New employment credit for Semiconductor, Electric Airplane, Lithium Production, and Lithium Battery Manufacturing (SEAL)
Overview
This credit is for employers that:
- Hire qualified full-time employees
- Receive a reservation for the qualified employee
- Pay wages for work performed by that employee in California
- Report the credit on a timely filed (including extensions) original return
We are required to provide a searchable database on our website that includes the following information:
- Employer names
- Amount of tax credit claimed
- Number of new jobs created for each taxable year
There are a number of elements to this credit. It's important that you understand the requirements to generate this credit. You can also refer to California Revenue Taxation Code (R&TC) Sections 17053.73 and 23626 for the law and all requirements.
Qualified employer requirements
Must be engaged in one of the following SEAL trades or businesses in California:
- Semiconductor manufacturing or research and development that has applied, or intends to apply, for funding under the federal Creating Helpful Incentives to Product Semiconductors (CHIPS) Act of 2022 . (NAICS Code category 3344)
- Electric airplane manufacturing that has received a sales and use tax exclusion as an electric vertical takeoff and landing (eVTOL) manufacturer (NAICS Code category 3364 )
- Lithium production as defined under the California Lithium Extraction Tax Law (NAICS Codes 212390 or 325180 )
- Lithium battery manufacturing as at least 50% of your primary business (NAICS Code 335910 ).
In addition, qualified employers must:
- Hire qualified employees
- Obtain a tentative credit reservation for each of the qualified employees
- Pay qualified wages
- Have a net increase in jobs
Qualified employee requirements
- Hired on or after the first day of your 2023 taxable year, and paid wages subject to California withholding
- Hired for full-time work (paid hourly wages for an average of at least 35 hours per week, or is salaried and paid for full-time work)
- Meets 1 of the following qualification categories at the time of hire:
- Unemployed for the previous 6 months or more
- Unemployed means not receiving wages, not self-employed, and not a full-time student
- If the employee completed a college or similar program, the completion date must have been at least 12-months prior to date of hire
- Veteran, separated from the U.S. Armed Forces within the previous 12 months
- Received the federal Earned Income Credit in the previous taxable year
- Ex-offender convicted of a felony
- Current recipient of CalWORKS or county general assistance
- Unemployed for the previous 6 months or more
Tentative Credit Reservation
A Tentative Credit Reservation (TCR) from us for each employee is needed to qualify an employee for you to receive the credit. You must submit your information online. You will receive an immediate confirmation.
For employees hired in a taxable year 2023, you must request a TCR by the last day of the month following the end of your 2023 taxable year.
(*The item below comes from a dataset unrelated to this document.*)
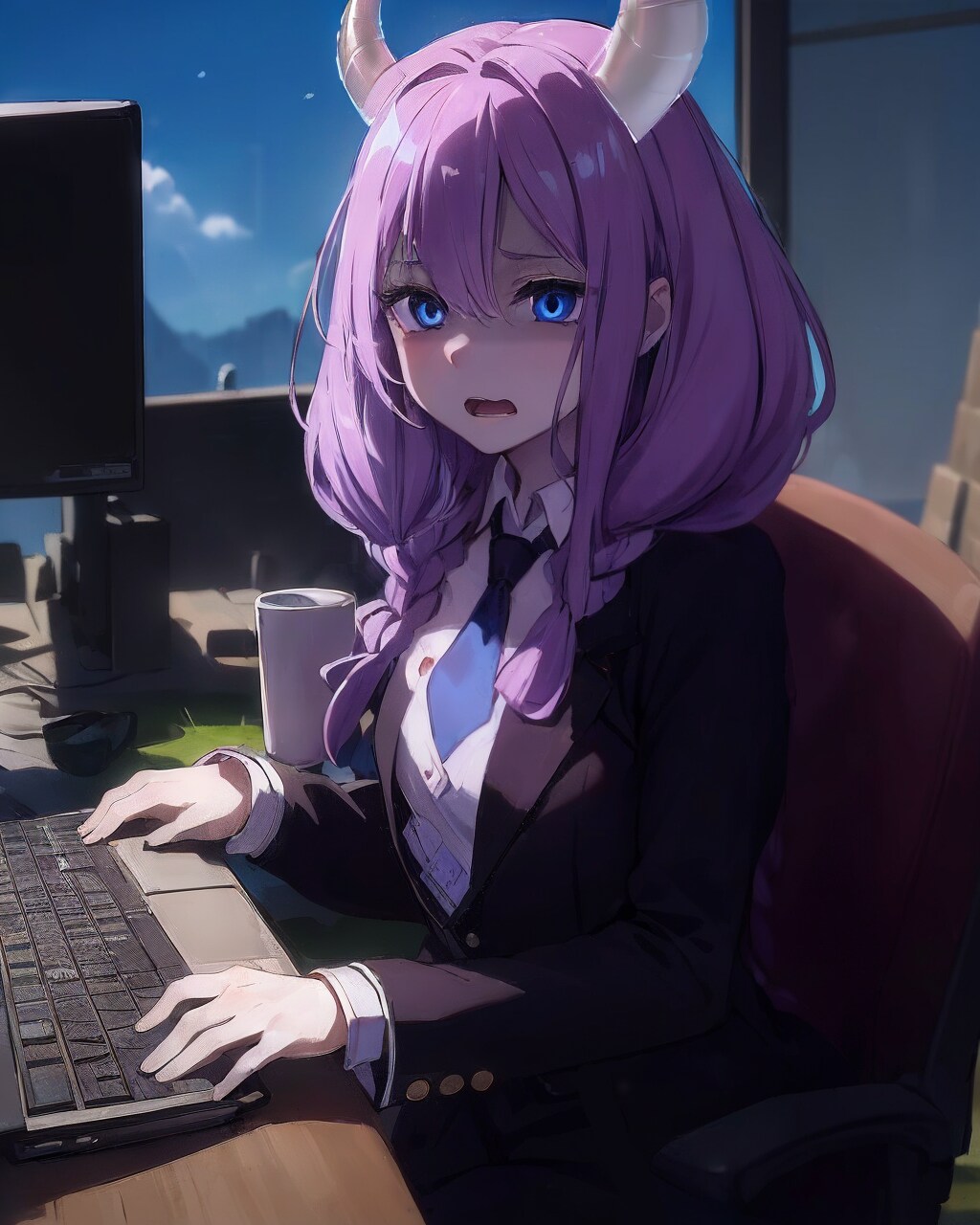 「アウラ、残業しろ」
For employees hired in taxable year 2024 or later, you must request a TCR within 30 days of completing the Employment Development Department (EDD) New Hire Reporting Requirements.
Information needed to make the reservation
Gather the following information to complete the reservation.
Employer information:
- Name of business
- Type of entity (corporation, partnership, individual, etc.)
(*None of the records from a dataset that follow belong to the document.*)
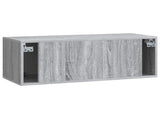 Wall-Mounted TV Cabinet Grey Sonoma 78.5 x 31 x 30 cm 898211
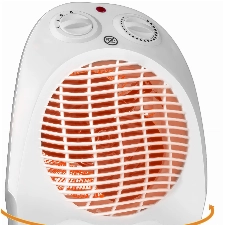 Heizlüfter Energiesparend 120° Oszillierende mit 3 Heizstufen, Mobile 2000W Elektrische Heizung und Ventilator Kombi mit Thermostat Elektroheizung Heizgeräte für Büro Wohnzimmer Schlafzimmer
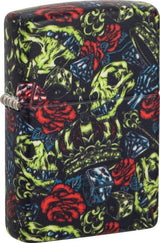 Zippo Skull Crown Design Lighter 49696 by Zippo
- Your ID (California Corporation number, Federal Employer Identification Number, social security number, etc.)
- Date business began in California
- Taxable year beginning date
- Type of business (North American Industry Classification System (NAICS) classification)
- Address of business
- Business contact name and phone number
Employee information:
- Employee’s name
- Social security number
- Hire date
- Date you completed EDD New Hire Reporting requirements for the employee (only needed for hire date beginning in 2024 taxable year or later)
- Starting hourly rate of pay
- Average number of hours the employee will work per week
- Employee’s qualification category
- Paid preparer information, if applicable:
- Preparer name
- Preparer ID
Wages
- Qualified wages — That portion of wages paid or incurred that exceeds California minimum wage, but does not exceed 350% of California minimum wage. The qualified wages are based on the actual wages paid or incurred, including overtime and commissions.
- Determining the hourly wage rate for a salaried employee — A reasonable method is to divide the annual salary by the hours upon which the salary is based, normally 2,000 hours.
- Employee credit length — An employee can continue to generate qualified wages for 60 months from the original date of hire.
Calculating the credit
Calculating the credit — The amount of credit is impacted by:
- The number of qualified employees
- Qualified wages paid to those employees
- The total number of full-time employees during your "base year" (qualified or not)
- The total number of full-time employees during your current taxable year
The actual amount of credit you can report on your return is determined by the following calculation:
- Compute qualified wages:
- The portion of actual wages paid or incurred to your qualified employee(s) that exceeds 100%, but do not exceed 350%, of California minimum wage.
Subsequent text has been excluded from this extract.